-- Data supplied follows --

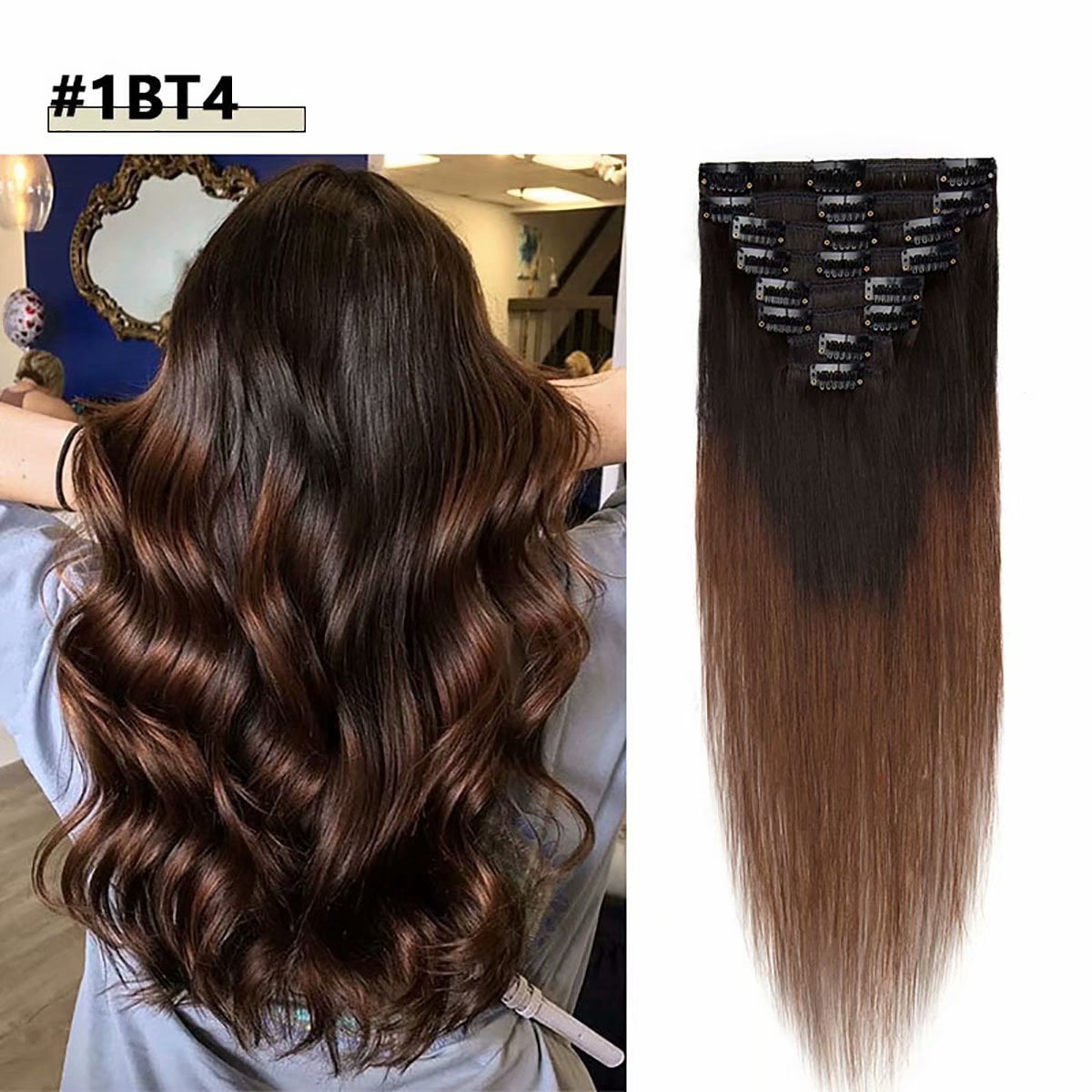 MY-LADY Clip in 100% Remy Human Hair Extensions 8Pcs Full Head Weft Highligh Hairpiece Balayage Blonde Long Straight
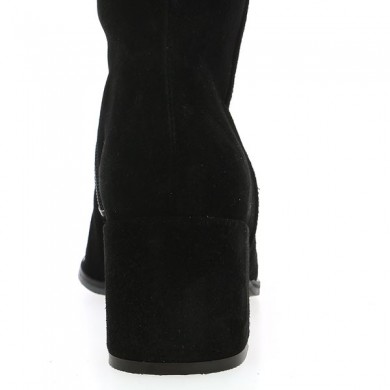 Carolane - Botte femme petit talon velours noir - Botte 42, 43, 44, 45 - Shoesissime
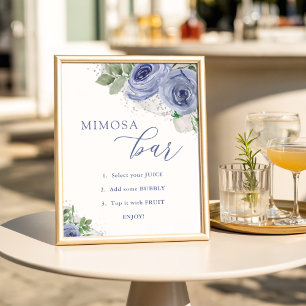 Affiche Bar Mimosa, Baby shower Floral Bleu et Argent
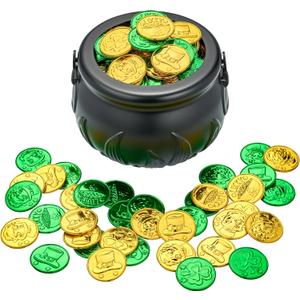 JOYIN 208 St Patricks Day Lucky Leprechaun Plastic Coins and 1 Large Black Cauldron with Handle Pot of Gold Party Supplies, St Patrick Decorations Party Favors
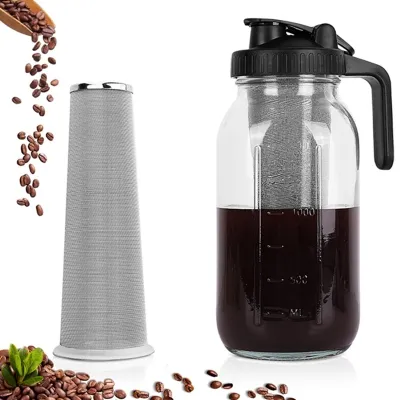 Mason jar pitcher for cold brew coffee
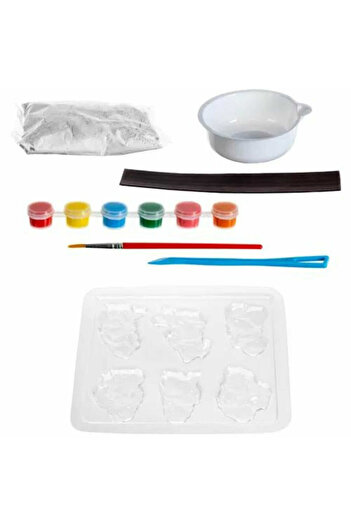 Micostore Plaster Figurines for Painting for Children, Complete Kit with Fridge Magnet, Mermaid Model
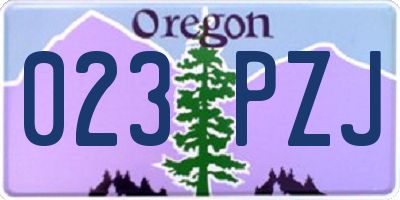 OR license plate 023PZJ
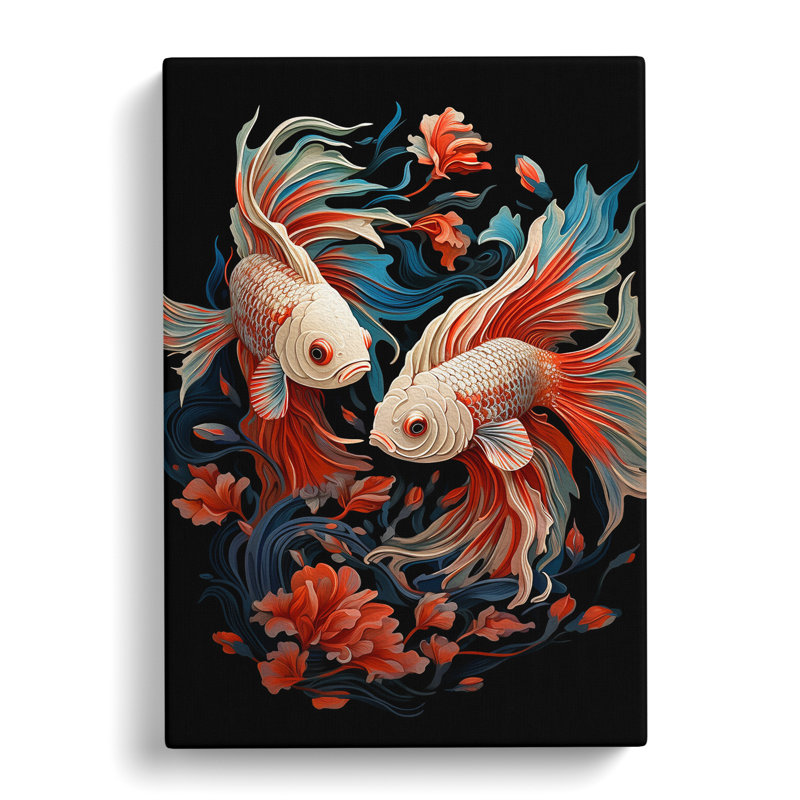 Siamese Fighting Fish Art Nouveau No.3 - Wrapped Canvas, 60cm H x 40cm W x 3cm D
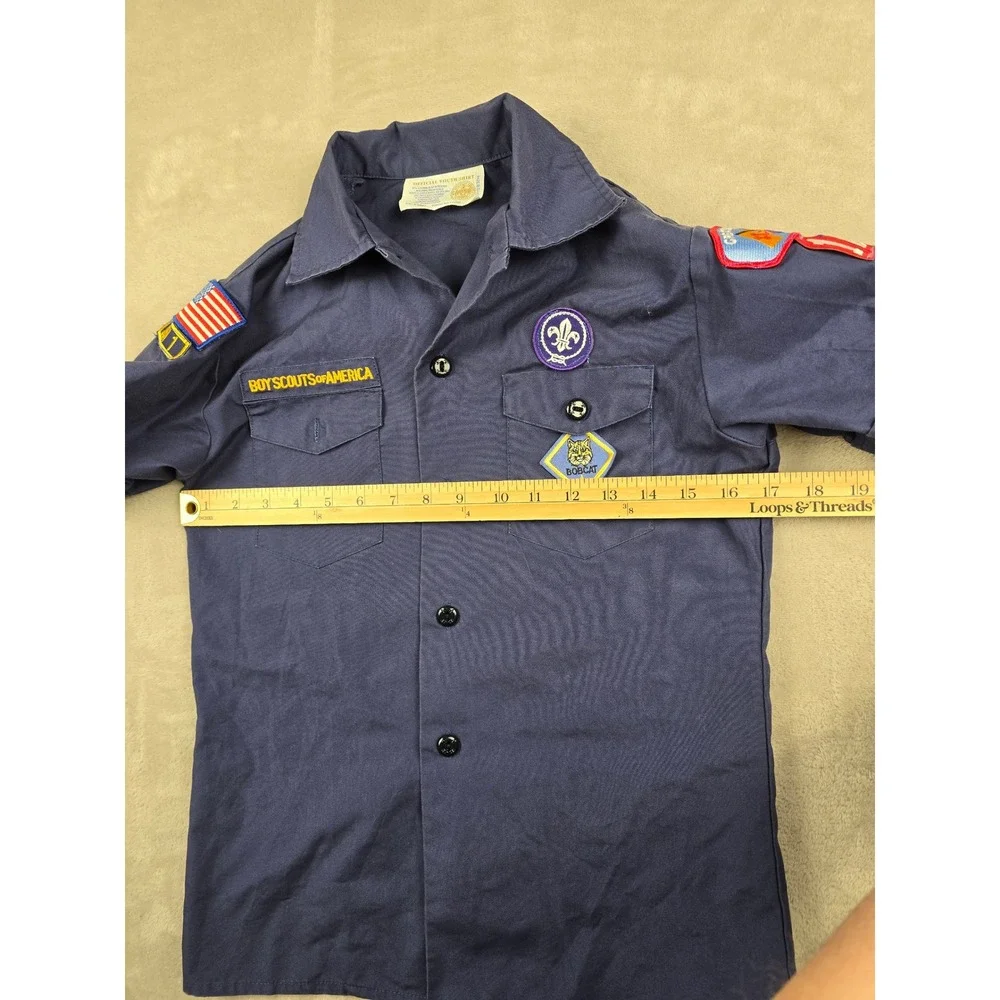 Boy Scouts of America Uniform Shirt Youth Medium Blue Patches‎ Great Southwest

-- Data supplied concluded --

What you should do -> The answer must be the lines above, word for word, from the first one through the line with "Affiche Bar Mimosa, Baby", pictures excluded.

The answer ->
 MY-LADY Clip in 100% Remy Human Hair Extensions 8Pcs Full Head Weft Highligh Hairpiece Balayage Blonde Long Straight
 Carolane - Botte femme petit talon velours noir - Botte 42, 43, 44, 45 - Shoesissime
 Affiche Bar Mimosa, Baby shower Floral Bleu et Argent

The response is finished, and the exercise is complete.